A worked example: how many requests fit on one H200#
Now the capacity calculation, end to end, on one H200 with 141 GB.
- Weights. 70B parameters. In BF16 that is 140 GB — it does not even fit. So you quantize. At FP8/INT8 (~1 byte/param) the weights are 70 GB.
- Usable VRAM. vLLM defaults
gpu_memory_utilizationto 0.9, reserving the rest for activations and overhead:0.9 × 141 ≈ 127 GB. - KV budget.
127 − 70 = 57 GBleft for KV cache. - Per-request footprint at 8K context. 2.68 GB, from above.
- Max concurrency.
57 / 2.68 ≈ 21 concurrent requests.
Twenty-one. On a 141 GB flagship — not because the GPU ran out of math, but because it ran out of memory to hold conversations. Want more? Three honest levers: quantize the KV cache itself (FP8 KV roughly halves the per-token bytes, pushing toward ~42 concurrent), shorten the context you provision for, or add GPUs. No FLOPs trick buys it back.
Offline vs online: the SLO tax#
The 21-request number is a memory ceiling.
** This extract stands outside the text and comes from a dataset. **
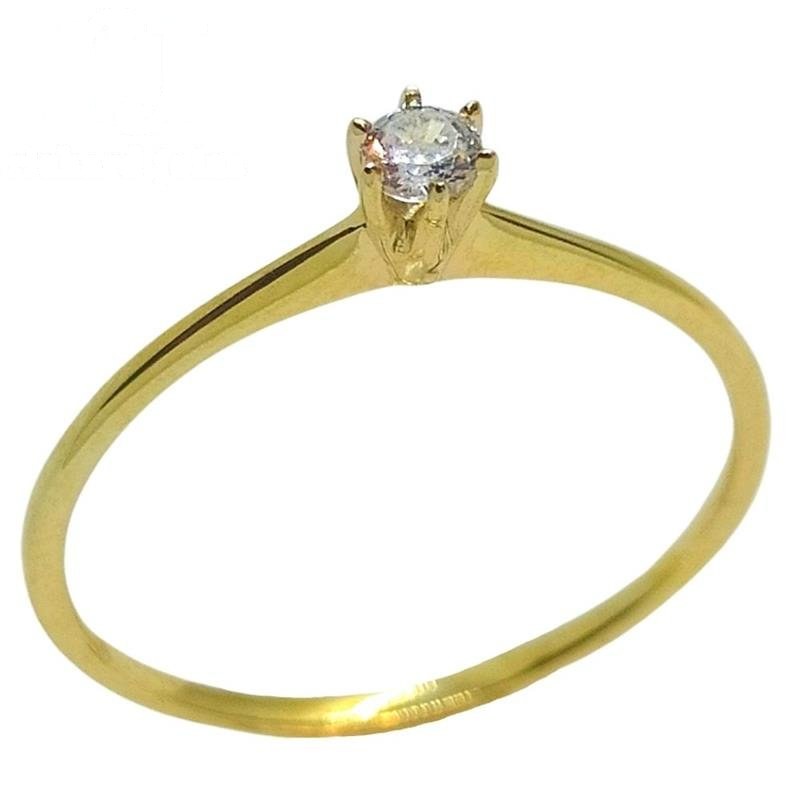 ANEL DE OURO 18KL SOLITÁRIO PEDRA 3MM PESO MÉDIO 1,5 GR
Whether you can actually run at it depends on what you're promising.
Offline / batch workloads — evals, bulk summarization, synthetic data — only care about total throughput. You pack the largest batch the KV cache allows and let latency float. Here you run near the memory ceiling.
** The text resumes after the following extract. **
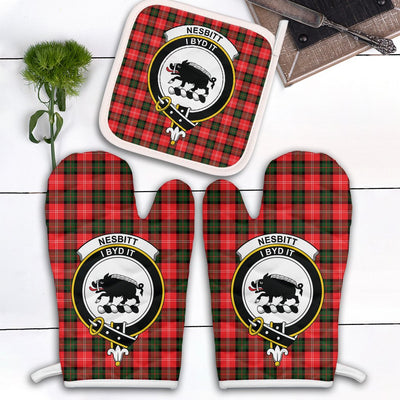 Clan Nesbitt Modern Tartan Crest Oven Mitt And Pot Holder (2 Oven Mitts + 1 Pot Holder)
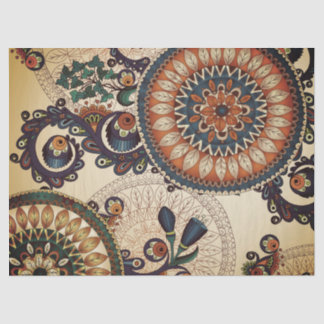 Boho Funky Trendy Retro Abstract Pattern Tissue Paper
Online serving is bounded by a latency SLO: TTFT for the first token, TPOT for each after. Bigger batches raise throughput but lengthen TPOT, since every request in the batch shares the same memory-bandwidth pipe each decode step. So you cap batch size below the memory limit to protect tail latency, and effective concurrency drops under 21. The memory math gives you a ceiling; the SLO tells you how far below it you actually live.
Continuous batching and PagedAttention raise the real number#
Any of this works at scale only because naive serving wastes most of the KV cache to fragmentation and padding. PagedAttention, from the vLLM paper, borrows OS virtual memory: it chops the KV cache into fixed-size blocks mapped through a page table, cutting waste under 4% and letting requests share physical blocks. Continuous batching then swaps finished requests out and new ones in mid-flight, instead of waiting for the batch to drain. Together vLLM reports 2–4× the throughput of prior systems at the same latency. Prefix caching hits the other phase: when requests share a long system prompt, vLLM reuses the cached KV blocks instead of re-running prefill. None of these change the per-token formula — they change how little of your budget you waste, which is the same as raising effective concurrency.
The recipe#
- Weights:
params × bytes_per_paramat your quantization. If it doesn't fit with room to spare, quantize or shard. - KV budget:
(GPU_VRAM × utilization) − weights. - Per-request KV:
2 × num_layers × num_kv_heads × head_dim × bytes × target_context. - Max concurrency per GPU: KV budget ÷ per-request KV. Discount it for your latency SLO.
- Replica count:
peak_demand_tokens_per_sec / sustained_tokens_per_sec_per_replica, measured — not guessed — at your batch size and context.
That last number you do not get from a spec sheet. You benchmark it on your model, your context distribution, your engine. The teraflops column never enters the calculation. It never did.